Jéssica resgata o momento de condenação do Brasil pela Corte Interamericana de Direitos Humanos (CIDH) nos casos de Maria da Penha e Márcia Barbosa. “Em 2006, a Lei Maria da Penha passou a instituir várias diretrizes para amparar as mulheres, como atuação de delegada mulher no caso e tratamento multidisciplinar no atendimento às vítimas. Com a lei, outras resoluções começaram a borbulhar, uma vez que o Brasil passou a aderir a diversas convenções e tratados internacionais contra a violência à mulher.”

No relatório da condenação pelo caso de Márcia Barbosa, o Brasil também recebeu a recomendação para estabelecer protocolos com diretrizes para melhor investigação nos processos. “O caso da Márcia foi pior na questão da investigação porque o assassino era um deputado. Então, várias coisas foram ocultadas durante a coleta de provas”, conta Jéssica. 

A pesquisadora acredita que resoluções como o Protocolo para Julgamento com Perspectiva de Gênero teriam sido elaboradas mesmo sem as condenações na CIDH, porque já existia uma movimentação do Conselho Nacional de Justiça. “É um movimento institucional: vem de dentro e não só por influência externa. Veio do CNJ e depois pelo compromisso do Brasil ao ODS 5 — objetivos de desenvolvimento da ONU para a igualdade de gênero”. 
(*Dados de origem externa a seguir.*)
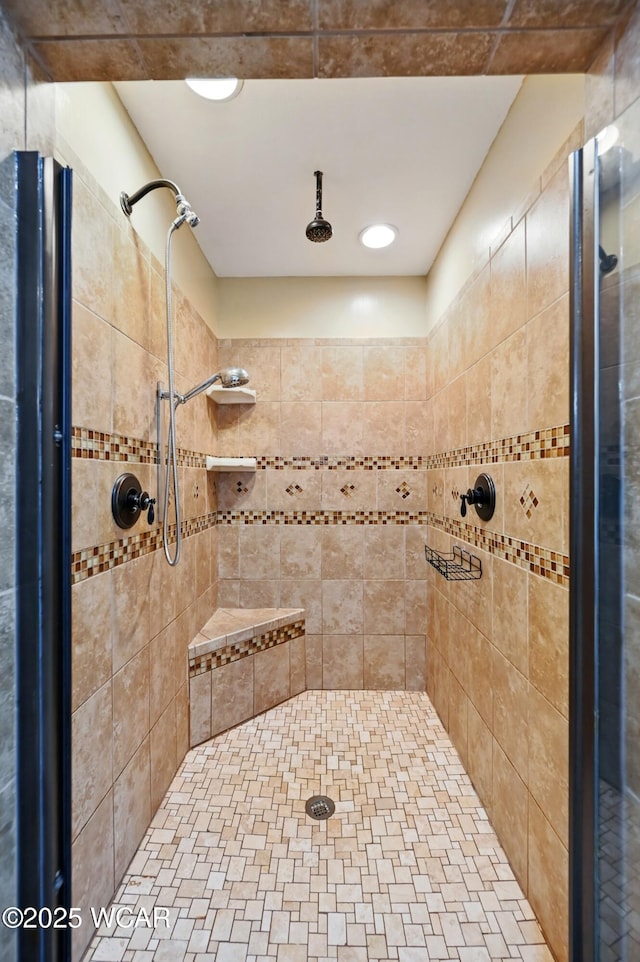 1106 S Grubb Rd, Lima, OH 45806 - bathroom featuring a stall shower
Em Janeiro deste ano, o CNJ lançou um banco no qual é possível consultar as decisões que mencionam o protocolo. O site permite filtrar os processos por ramo da justiça ou assunto principal, conferir a quantidade de cada categoria e consultar as ementas ou teor inteiro das decisões. “Quando eu fechei a dissertação, em janeiro, tinham 26 decisões cadastradas. Agora, esse número já é bem maior”, diz a advogada. Na data de publicação desta matéria, o site registrava 2095 sentenças cadastradas. 

A advogada acrescenta que existem organizações dos próprios magistrados sobre a questão: “Há grupos de juízas que se reúnem para estudar assuntos sobre gênero. São associações em que elas mesmas se organizam para discutir esses temas. Elas, por serem mulheres, também são de alguma forma atingidas por esses preconceitos e por essa misoginia, que podemos dizer que é estrutural. Tanto é que várias juízas fizeram parte da elaboração do protocolo. Na primeira parte, o foco é que isso seja incorporado no dia a dia de todos os juízes”. 

Ela revela o desejo de continuar pesquisando o tema e conta que realizou a inscrição para tornar-se aluna especial na Faculdade de Direito (FD) da USP: “Eu ainda quero entrevistar os juízes e analisar mais profundamente as aplicações e fundamentações. Pretendo continuar estudando esse assunto com um viés um pouco mais processual”.